*Your assignment*.
Copy exactly the lines of the data below that run from the line holding "Chinatown Yaowarat Road" through the line holding "Tricounty employees helping members check in", both ends included.

*Dataset records*.
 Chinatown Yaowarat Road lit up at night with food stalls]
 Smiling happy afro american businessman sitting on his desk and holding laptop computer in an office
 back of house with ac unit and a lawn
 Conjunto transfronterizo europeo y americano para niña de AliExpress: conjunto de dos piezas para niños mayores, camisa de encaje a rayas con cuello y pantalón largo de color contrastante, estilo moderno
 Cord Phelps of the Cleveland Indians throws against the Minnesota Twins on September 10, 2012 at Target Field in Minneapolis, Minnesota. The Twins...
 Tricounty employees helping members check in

...

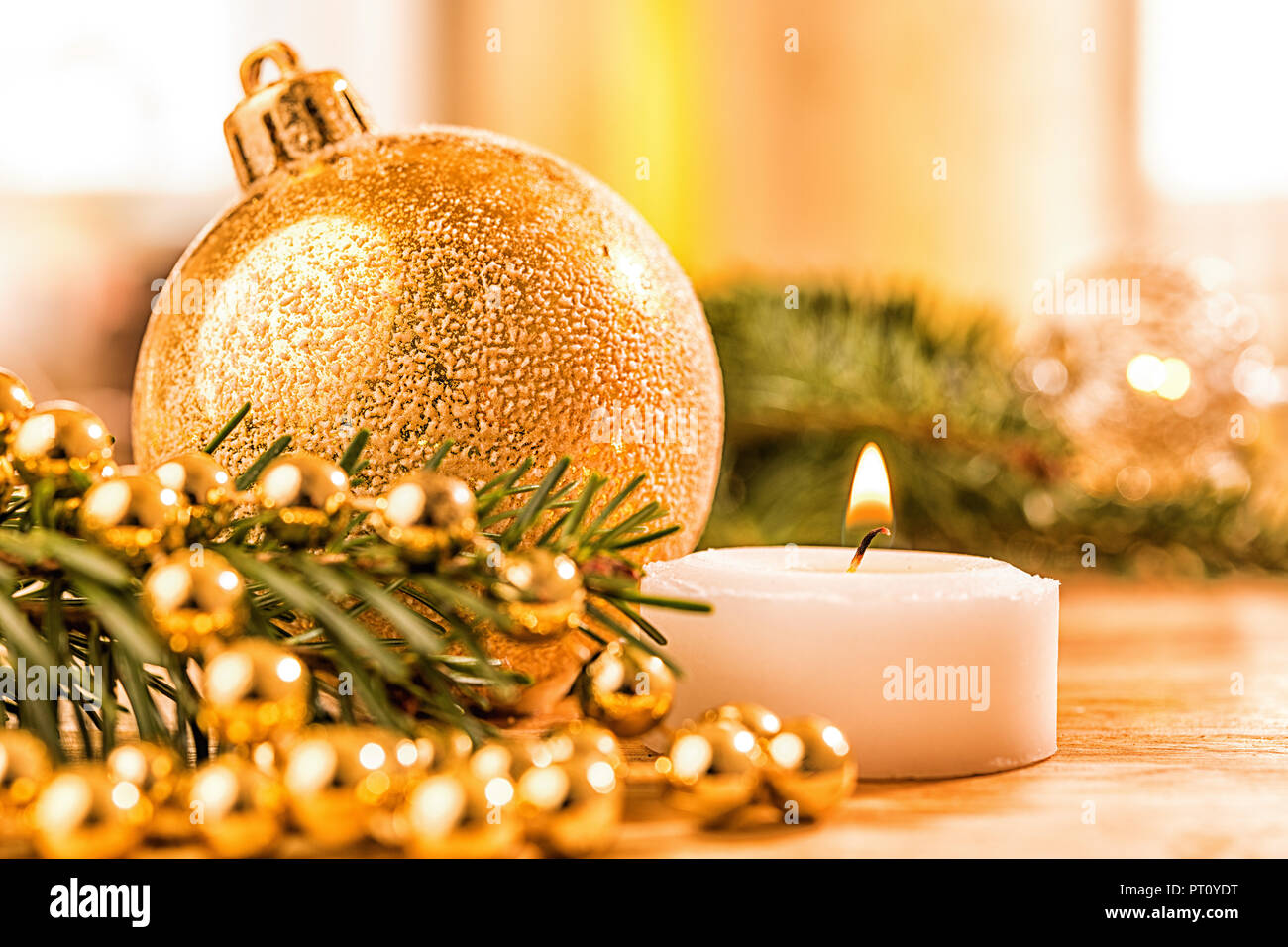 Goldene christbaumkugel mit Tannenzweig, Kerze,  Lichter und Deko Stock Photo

...

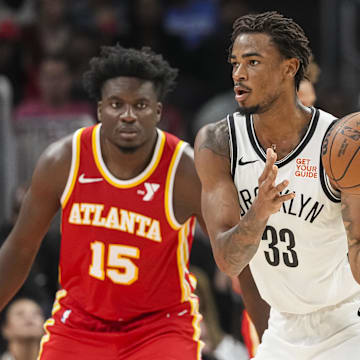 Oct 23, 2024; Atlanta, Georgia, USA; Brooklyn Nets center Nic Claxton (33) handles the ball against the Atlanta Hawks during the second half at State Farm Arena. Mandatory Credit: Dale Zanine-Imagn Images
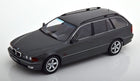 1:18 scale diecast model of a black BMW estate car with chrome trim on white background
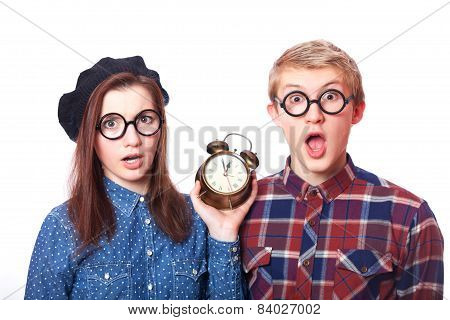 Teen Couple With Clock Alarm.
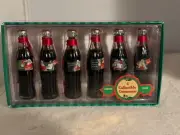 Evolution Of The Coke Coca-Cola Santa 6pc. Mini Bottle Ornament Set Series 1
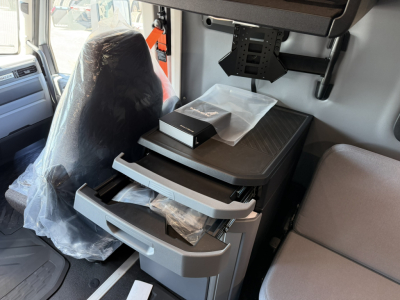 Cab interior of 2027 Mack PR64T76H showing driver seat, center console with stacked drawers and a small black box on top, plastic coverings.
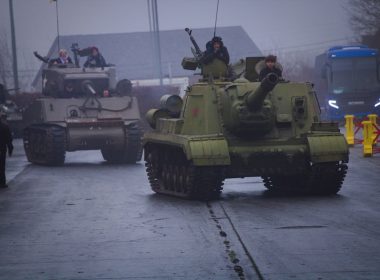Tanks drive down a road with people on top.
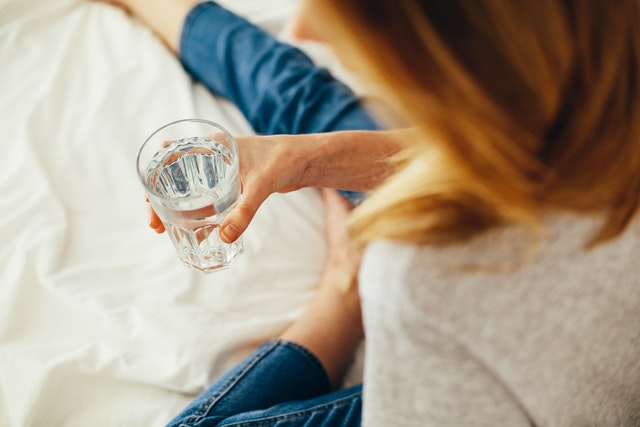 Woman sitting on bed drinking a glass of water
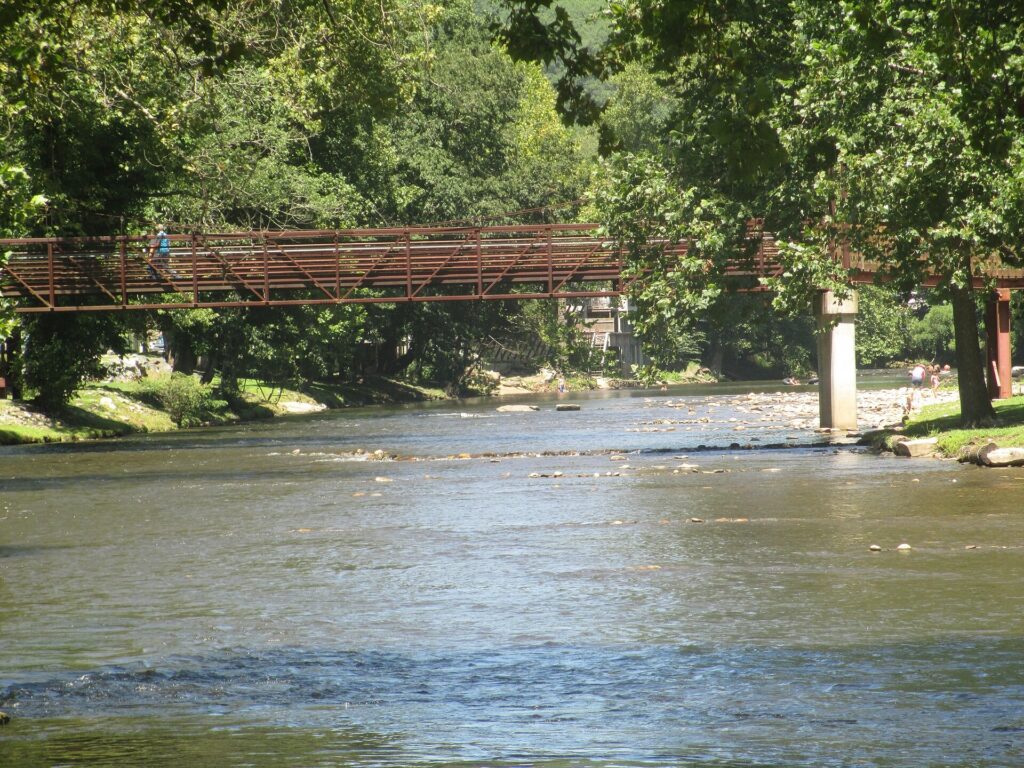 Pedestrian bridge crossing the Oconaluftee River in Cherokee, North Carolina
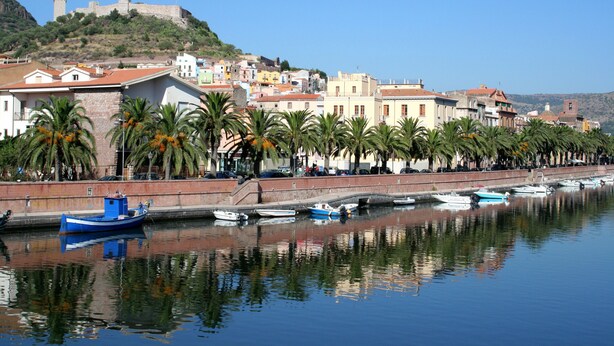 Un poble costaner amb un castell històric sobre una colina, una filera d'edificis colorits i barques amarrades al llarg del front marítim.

*Solution for this exercise*.
 Chinatown Yaowarat Road lit up at night with food stalls]
 Smiling happy afro american businessman sitting on his desk and holding laptop computer in an office
 back of house with ac unit and a lawn
 Conjunto transfronterizo europeo y americano para niña de AliExpress: conjunto de dos piezas para niños mayores, camisa de encaje a rayas con cuello y pantalón largo de color contrastante, estilo moderno
 Cord Phelps of the Cleveland Indians throws against the Minnesota Twins on September 10, 2012 at Target Field in Minneapolis, Minnesota. The Twins...
 Tricounty employees helping members check in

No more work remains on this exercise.